The records:
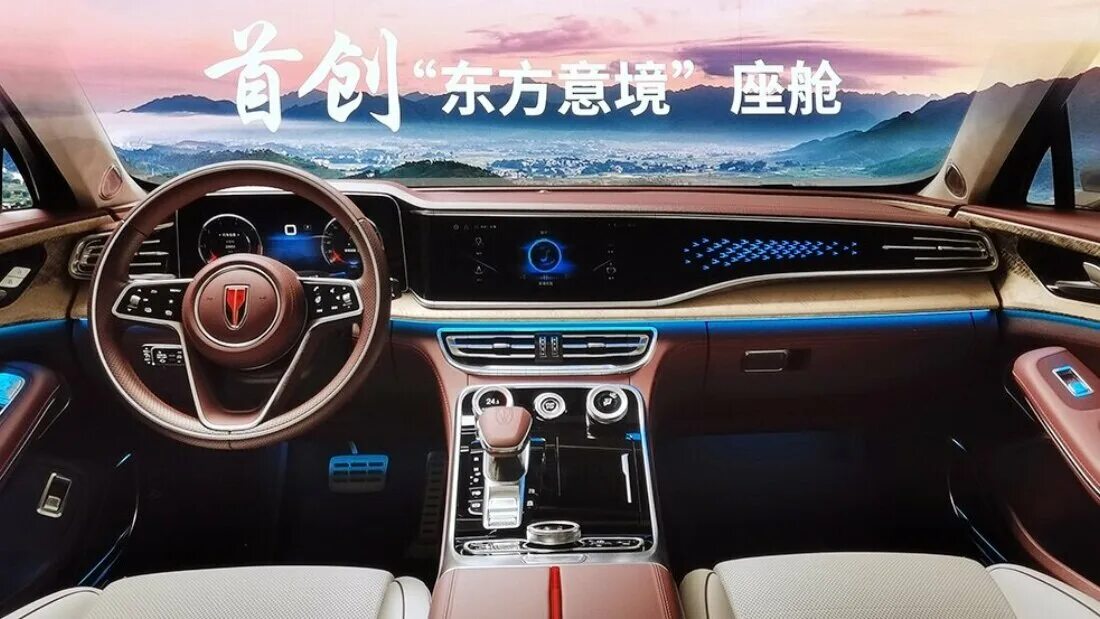 FAW Hongqi h9. Китайский седан  Hongqi h9. Hongqi h9 2020 седан. Hongqi h9 2023. Самые надежные китайские автомобили 2024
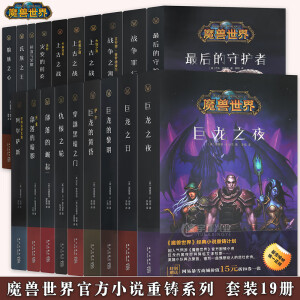 正版《魔兽世界官方小说重铸系列》全套19册精装中文版魔兽世界小说巫妖王小说部落的暗影崛起上古之战新星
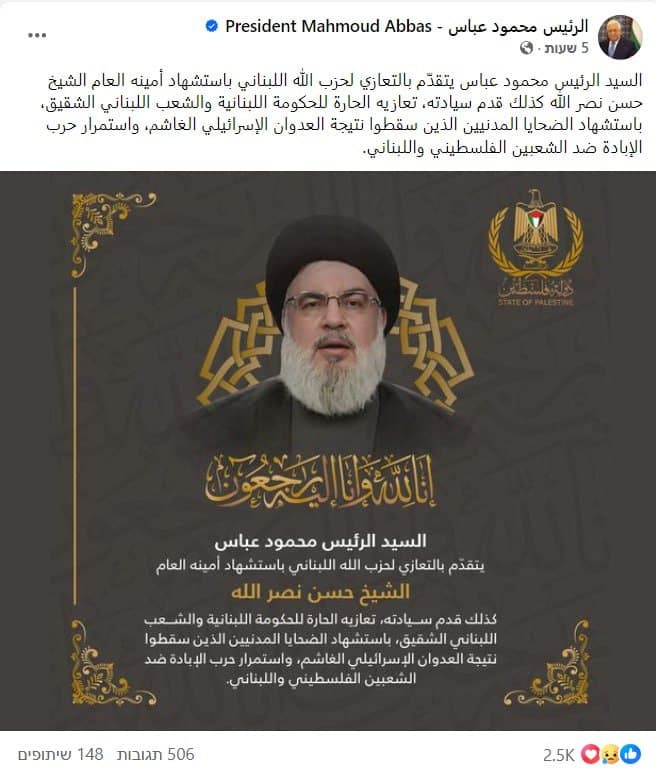 Mahmoud Abbas présente ses condoléances au Hezbollah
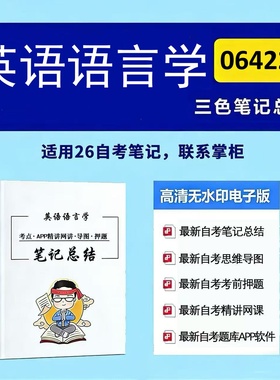 四月自考笔记 06422英语语言学 高频真题考点 考前培训  思维导图 考前押题 复习资料备考 辅导重点资料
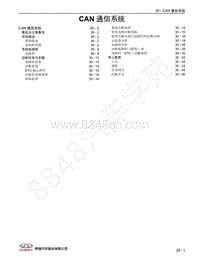 2022年瑞虎8 PLUS鲲鹏e 维修手册-30 CAN 通信系统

Task details: Write out the records once more, exactly as they stand, with no images.

Answer for this exercise:
 FAW Hongqi h9. Китайский седан  Hongqi h9. Hongqi h9 2020 седан. Hongqi h9 2023. Самые надежные китайские автомобили 2024
 正版《魔兽世界官方小说重铸系列》全套19册精装中文版魔兽世界小说巫妖王小说部落的暗影崛起上古之战新星
 Mahmoud Abbas présente ses condoléances au Hezbollah
 四月自考笔记 06422英语语言学 高频真题考点 考前培训  思维导图 考前押题 复习资料备考 辅导重点资料
 2022年瑞虎8 PLUS鲲鹏e 维修手册-30 CAN 通信系统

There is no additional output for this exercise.